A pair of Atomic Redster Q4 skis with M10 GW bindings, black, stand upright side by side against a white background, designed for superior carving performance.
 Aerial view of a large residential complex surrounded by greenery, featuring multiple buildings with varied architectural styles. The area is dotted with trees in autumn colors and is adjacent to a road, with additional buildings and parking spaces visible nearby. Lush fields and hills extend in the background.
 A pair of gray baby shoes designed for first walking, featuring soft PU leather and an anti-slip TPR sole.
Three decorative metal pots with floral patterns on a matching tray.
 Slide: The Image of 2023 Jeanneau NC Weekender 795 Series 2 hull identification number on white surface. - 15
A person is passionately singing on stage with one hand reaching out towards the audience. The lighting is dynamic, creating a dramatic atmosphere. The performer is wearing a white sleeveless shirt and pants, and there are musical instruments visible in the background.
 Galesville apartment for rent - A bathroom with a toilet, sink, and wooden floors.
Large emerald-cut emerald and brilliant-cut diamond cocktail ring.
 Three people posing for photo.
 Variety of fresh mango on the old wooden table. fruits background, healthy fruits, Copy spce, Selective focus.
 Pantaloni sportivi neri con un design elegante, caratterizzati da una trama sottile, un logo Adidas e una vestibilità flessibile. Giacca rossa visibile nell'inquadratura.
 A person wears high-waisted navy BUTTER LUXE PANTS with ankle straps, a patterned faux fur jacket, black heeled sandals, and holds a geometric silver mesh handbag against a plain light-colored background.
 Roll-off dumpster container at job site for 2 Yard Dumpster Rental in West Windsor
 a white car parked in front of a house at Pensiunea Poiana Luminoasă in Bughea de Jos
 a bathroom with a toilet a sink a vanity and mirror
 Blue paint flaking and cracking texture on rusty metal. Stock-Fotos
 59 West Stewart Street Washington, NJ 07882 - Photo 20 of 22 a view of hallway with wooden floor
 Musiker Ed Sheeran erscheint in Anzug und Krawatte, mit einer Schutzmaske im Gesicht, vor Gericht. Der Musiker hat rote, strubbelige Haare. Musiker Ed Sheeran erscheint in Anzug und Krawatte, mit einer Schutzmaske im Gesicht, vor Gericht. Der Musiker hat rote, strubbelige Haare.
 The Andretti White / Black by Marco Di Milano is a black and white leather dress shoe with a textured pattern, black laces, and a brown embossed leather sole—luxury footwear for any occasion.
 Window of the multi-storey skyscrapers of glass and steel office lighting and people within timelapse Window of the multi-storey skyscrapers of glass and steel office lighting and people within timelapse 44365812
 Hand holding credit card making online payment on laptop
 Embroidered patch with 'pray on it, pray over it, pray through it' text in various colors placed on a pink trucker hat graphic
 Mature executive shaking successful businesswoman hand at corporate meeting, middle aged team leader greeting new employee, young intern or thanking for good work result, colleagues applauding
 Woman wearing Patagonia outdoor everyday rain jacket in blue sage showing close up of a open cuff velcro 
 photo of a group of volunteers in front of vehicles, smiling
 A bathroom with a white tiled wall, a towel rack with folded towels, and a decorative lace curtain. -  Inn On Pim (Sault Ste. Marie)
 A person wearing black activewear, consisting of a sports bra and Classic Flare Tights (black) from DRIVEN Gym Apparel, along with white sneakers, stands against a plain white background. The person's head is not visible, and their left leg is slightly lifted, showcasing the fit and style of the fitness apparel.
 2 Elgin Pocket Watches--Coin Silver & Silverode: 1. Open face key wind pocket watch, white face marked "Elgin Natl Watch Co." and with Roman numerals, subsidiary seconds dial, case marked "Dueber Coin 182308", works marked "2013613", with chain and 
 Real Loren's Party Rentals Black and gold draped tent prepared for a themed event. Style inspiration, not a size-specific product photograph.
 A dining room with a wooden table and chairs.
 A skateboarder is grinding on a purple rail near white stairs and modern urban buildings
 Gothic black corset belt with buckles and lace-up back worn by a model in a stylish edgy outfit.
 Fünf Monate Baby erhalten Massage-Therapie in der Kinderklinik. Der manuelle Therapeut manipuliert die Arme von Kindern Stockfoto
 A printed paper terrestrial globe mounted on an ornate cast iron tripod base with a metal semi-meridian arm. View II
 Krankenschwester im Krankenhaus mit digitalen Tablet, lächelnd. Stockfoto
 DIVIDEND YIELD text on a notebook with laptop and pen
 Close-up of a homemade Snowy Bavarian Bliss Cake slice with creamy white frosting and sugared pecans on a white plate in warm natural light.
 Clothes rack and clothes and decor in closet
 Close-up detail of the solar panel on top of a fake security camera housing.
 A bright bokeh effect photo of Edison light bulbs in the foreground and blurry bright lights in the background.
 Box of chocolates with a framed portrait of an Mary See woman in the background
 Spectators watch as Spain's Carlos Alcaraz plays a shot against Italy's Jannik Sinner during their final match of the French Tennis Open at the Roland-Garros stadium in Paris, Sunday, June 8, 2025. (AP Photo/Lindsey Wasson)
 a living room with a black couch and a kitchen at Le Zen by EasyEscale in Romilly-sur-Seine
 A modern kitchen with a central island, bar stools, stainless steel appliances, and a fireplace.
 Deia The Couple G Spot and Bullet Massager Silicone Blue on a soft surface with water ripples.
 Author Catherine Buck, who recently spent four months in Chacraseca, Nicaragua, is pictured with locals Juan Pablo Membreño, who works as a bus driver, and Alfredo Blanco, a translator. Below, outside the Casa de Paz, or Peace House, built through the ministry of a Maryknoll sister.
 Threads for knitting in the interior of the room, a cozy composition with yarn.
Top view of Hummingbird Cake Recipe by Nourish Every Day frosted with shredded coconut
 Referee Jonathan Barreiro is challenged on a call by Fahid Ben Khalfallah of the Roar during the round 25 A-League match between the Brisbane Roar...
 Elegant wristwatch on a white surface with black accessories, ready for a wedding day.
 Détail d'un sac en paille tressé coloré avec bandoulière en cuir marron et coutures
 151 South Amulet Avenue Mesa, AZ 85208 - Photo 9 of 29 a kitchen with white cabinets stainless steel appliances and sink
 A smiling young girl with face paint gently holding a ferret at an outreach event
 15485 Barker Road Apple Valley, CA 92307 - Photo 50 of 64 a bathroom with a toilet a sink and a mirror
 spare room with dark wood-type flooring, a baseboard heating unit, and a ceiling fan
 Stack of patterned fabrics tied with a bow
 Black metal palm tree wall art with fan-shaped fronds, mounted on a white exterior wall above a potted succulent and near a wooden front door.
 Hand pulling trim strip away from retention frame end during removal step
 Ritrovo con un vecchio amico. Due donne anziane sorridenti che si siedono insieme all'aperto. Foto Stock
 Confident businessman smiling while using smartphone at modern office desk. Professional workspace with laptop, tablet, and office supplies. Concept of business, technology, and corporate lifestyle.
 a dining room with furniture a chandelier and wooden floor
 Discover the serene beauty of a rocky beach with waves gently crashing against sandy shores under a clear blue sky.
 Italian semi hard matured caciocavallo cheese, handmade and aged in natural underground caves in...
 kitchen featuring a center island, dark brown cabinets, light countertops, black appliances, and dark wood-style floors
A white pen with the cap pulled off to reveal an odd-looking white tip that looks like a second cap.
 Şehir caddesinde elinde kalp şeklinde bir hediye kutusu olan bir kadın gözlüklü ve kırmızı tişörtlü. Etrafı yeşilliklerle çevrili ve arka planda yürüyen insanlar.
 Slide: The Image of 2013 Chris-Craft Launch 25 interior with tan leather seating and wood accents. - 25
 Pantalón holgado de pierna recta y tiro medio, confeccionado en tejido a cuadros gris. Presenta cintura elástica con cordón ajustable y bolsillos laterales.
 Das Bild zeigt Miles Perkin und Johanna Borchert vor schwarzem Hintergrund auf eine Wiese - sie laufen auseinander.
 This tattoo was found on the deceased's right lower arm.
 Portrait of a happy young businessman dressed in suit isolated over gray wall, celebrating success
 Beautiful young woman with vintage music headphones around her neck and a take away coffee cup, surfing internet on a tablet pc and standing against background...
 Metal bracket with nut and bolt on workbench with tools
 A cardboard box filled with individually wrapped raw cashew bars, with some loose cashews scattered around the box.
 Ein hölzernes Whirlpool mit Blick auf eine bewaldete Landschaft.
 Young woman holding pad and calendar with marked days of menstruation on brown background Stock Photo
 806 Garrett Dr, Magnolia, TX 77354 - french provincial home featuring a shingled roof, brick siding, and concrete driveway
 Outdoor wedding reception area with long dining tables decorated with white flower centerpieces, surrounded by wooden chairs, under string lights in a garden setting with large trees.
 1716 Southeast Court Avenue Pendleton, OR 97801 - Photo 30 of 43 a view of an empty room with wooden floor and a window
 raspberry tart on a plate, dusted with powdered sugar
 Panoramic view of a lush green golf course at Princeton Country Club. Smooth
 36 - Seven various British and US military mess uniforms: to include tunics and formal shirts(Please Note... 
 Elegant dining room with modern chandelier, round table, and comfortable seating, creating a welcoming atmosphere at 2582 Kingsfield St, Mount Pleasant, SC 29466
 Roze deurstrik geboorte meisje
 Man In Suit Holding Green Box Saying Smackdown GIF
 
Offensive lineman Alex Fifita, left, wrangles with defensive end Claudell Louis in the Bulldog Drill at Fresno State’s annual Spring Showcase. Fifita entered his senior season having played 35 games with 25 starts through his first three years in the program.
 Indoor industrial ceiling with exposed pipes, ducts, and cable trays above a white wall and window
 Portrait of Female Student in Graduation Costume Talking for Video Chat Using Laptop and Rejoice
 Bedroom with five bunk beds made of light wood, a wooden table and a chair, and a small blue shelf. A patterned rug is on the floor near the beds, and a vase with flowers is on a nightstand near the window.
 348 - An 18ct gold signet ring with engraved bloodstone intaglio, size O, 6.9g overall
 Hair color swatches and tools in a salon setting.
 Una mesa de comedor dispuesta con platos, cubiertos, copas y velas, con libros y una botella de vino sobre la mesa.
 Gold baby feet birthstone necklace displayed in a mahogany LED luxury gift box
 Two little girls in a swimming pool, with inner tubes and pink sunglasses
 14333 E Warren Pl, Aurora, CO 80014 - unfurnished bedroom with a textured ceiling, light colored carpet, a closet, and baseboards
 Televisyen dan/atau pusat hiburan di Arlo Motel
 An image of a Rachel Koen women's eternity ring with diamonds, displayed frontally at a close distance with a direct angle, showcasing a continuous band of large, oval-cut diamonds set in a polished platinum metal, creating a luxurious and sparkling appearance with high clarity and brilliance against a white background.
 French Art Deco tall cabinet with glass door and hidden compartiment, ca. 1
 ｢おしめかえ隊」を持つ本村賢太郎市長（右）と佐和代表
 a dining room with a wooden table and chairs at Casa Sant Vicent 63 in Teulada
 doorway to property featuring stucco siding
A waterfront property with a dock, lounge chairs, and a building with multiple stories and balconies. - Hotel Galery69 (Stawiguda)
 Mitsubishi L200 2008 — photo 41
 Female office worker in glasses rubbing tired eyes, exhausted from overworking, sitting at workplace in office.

# # # #

Give again, word for word, every line of the listing above from the one with "2 Elgin Pocket" to the one with "DIVIDEND YIELD text", both inclusive, and nothing beyond them.

 2 Elgin Pocket Watches--Coin Silver & Silverode: 1. Open face key wind pocket watch, white face marked "Elgin Natl Watch Co." and with Roman numerals, subsidiary seconds dial, case marked "Dueber Coin 182308", works marked "2013613", with chain and 
 Real Loren's Party Rentals Black and gold draped tent prepared for a themed event. Style inspiration, not a size-specific product photograph.
 A dining room with a wooden table and chairs.
 A skateboarder is grinding on a purple rail near white stairs and modern urban buildings
 Gothic black corset belt with buckles and lace-up back worn by a model in a stylish edgy outfit.
 Fünf Monate Baby erhalten Massage-Therapie in der Kinderklinik. Der manuelle Therapeut manipuliert die Arme von Kindern Stockfoto
 A printed paper terrestrial globe mounted on an ornate cast iron tripod base with a metal semi-meridian arm. View II
 Krankenschwester im Krankenhaus mit digitalen Tablet, lächelnd. Stockfoto
 DIVIDEND YIELD text on a notebook with laptop and pen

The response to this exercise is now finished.